* **ASSIGNMENT**
Every entry has to be restated word for word.
RECORDS SUPPLIED START
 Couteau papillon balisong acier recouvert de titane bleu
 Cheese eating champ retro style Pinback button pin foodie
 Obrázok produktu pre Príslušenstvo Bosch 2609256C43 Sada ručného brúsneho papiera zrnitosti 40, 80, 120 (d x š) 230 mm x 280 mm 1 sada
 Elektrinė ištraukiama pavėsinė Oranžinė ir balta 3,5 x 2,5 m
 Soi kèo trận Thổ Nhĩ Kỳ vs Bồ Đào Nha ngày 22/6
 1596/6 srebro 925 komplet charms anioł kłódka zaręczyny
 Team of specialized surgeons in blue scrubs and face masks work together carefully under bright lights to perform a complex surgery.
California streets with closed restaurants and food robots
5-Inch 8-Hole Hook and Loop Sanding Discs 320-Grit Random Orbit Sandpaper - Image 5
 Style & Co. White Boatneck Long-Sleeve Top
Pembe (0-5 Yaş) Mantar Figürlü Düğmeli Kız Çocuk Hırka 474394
RECORDS SUPPLIED END
* **WRITTEN ANSWER**
 Couteau papillon balisong acier recouvert de titane bleu
 Cheese eating champ retro style Pinback button pin foodie
 Obrázok produktu pre Príslušenstvo Bosch 2609256C43 Sada ručného brúsneho papiera zrnitosti 40, 80, 120 (d x š) 230 mm x 280 mm 1 sada
 Elektrinė ištraukiama pavėsinė Oranžinė ir balta 3,5 x 2,5 m
 Soi kèo trận Thổ Nhĩ Kỳ vs Bồ Đào Nha ngày 22/6
 1596/6 srebro 925 komplet charms anioł kłódka zaręczyny
 Team of specialized surgeons in blue scrubs and face masks work together carefully under bright lights to perform a complex surgery.
California streets with closed restaurants and food robots
5-Inch 8-Hole Hook and Loop Sanding Discs 320-Grit Random Orbit Sandpaper - Image 5
 Style & Co. White Boatneck Long-Sleeve Top
Pembe (0-5 Yaş) Mantar Figürlü Düğmeli Kız Çocuk Hırka 474394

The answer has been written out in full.